Data excerpts:

- - -

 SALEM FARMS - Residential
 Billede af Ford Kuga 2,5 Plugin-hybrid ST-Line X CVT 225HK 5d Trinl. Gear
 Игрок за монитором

- - -

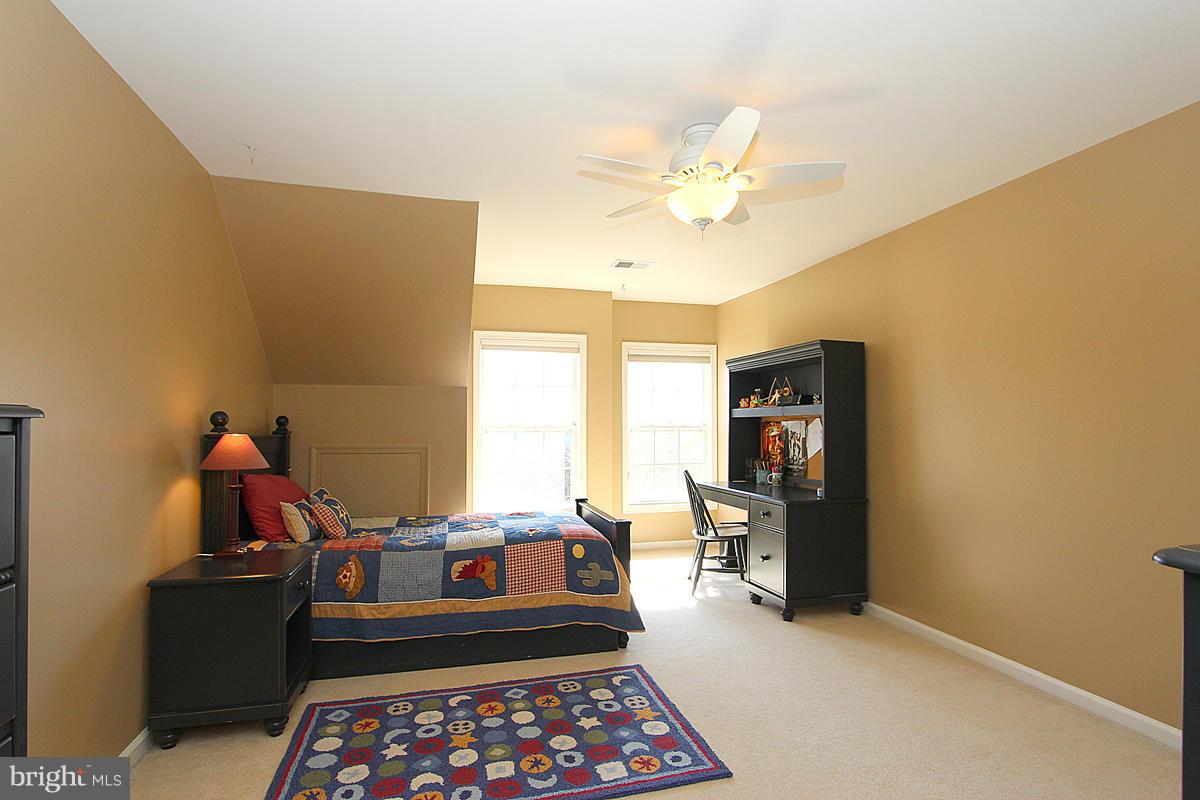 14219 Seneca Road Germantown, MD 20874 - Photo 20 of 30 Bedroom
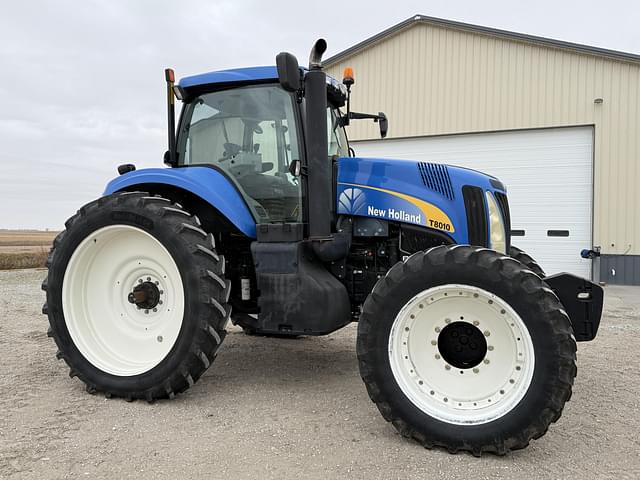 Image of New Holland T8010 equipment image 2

- - -

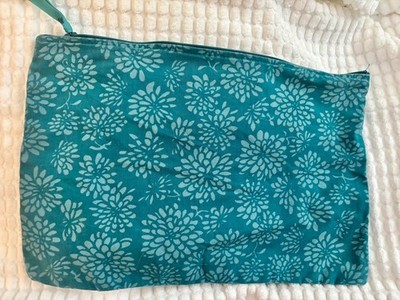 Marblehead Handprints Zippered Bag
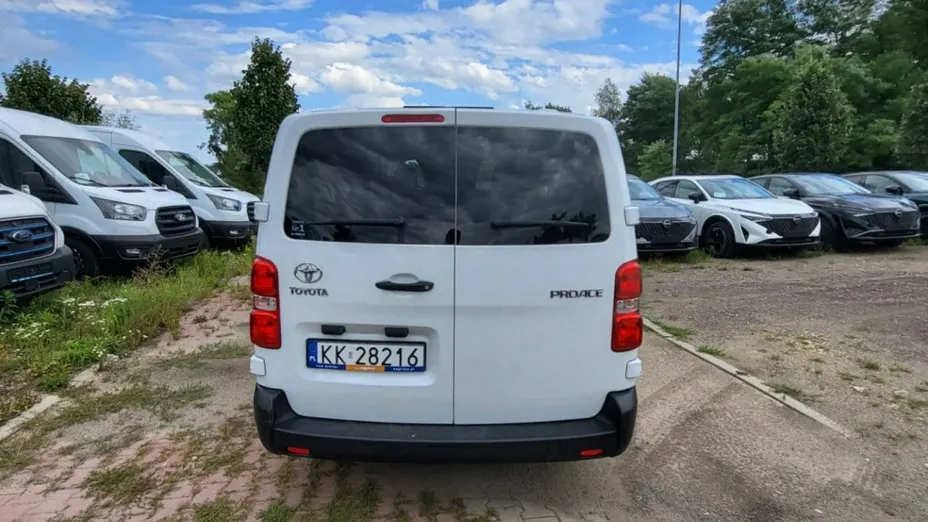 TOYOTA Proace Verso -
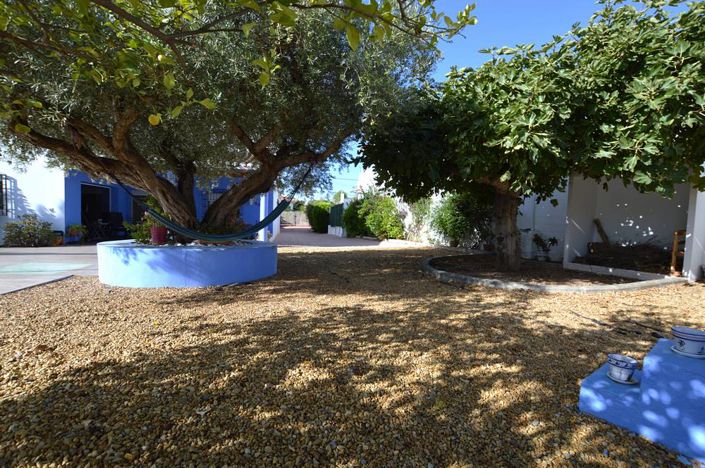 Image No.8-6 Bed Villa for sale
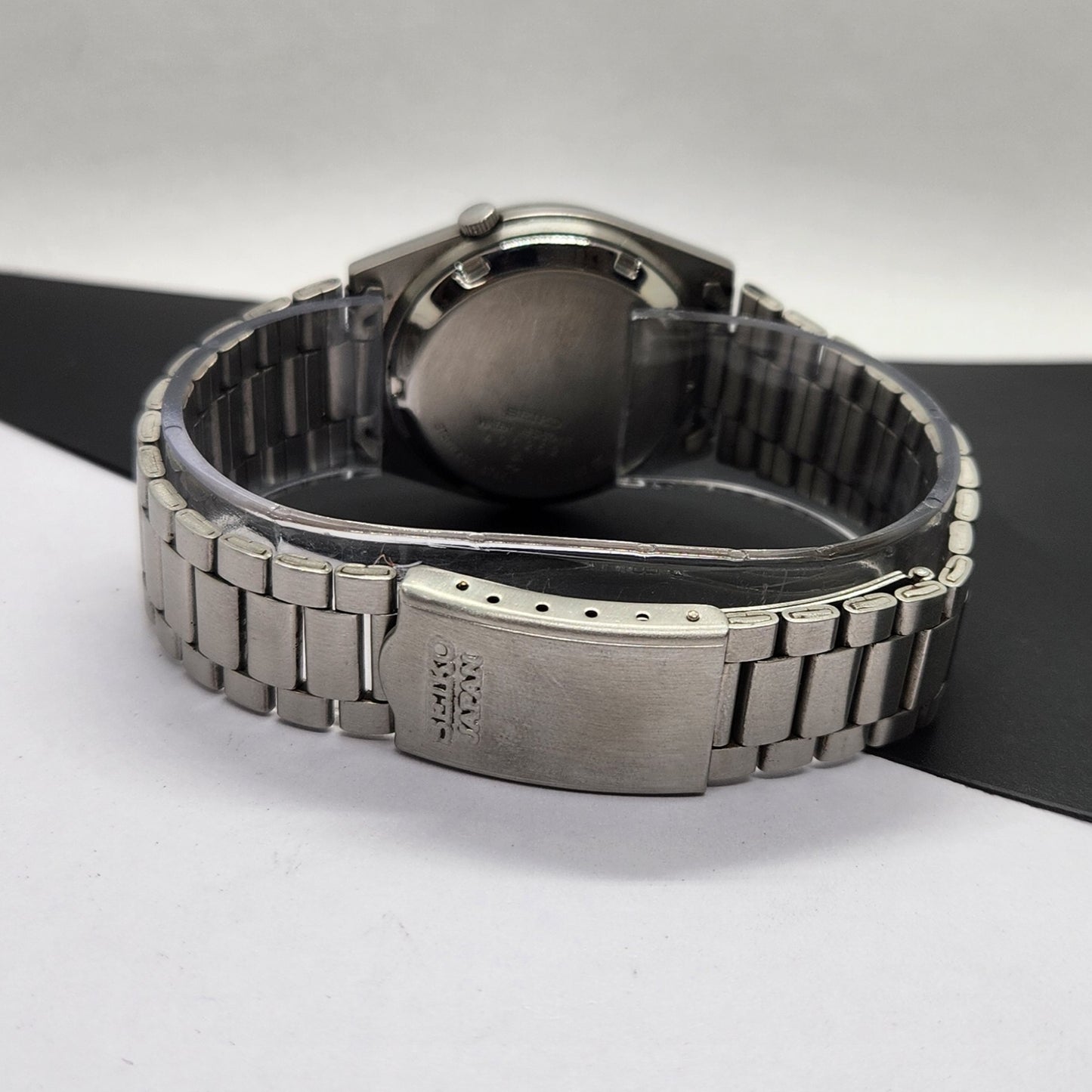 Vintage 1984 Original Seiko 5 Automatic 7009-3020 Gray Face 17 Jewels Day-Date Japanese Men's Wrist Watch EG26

- - -

Exercise requirements:
Go to the line in the material above that contains "SALEM FARMS - Residential" and copy exactly from there through the line that contains "Игрок за монитором", stopping after it.

Written answer:
 SALEM FARMS - Residential
 Billede af Ford Kuga 2,5 Plugin-hybrid ST-Line X CVT 225HK 5d Trinl. Gear
 Игрок за монитором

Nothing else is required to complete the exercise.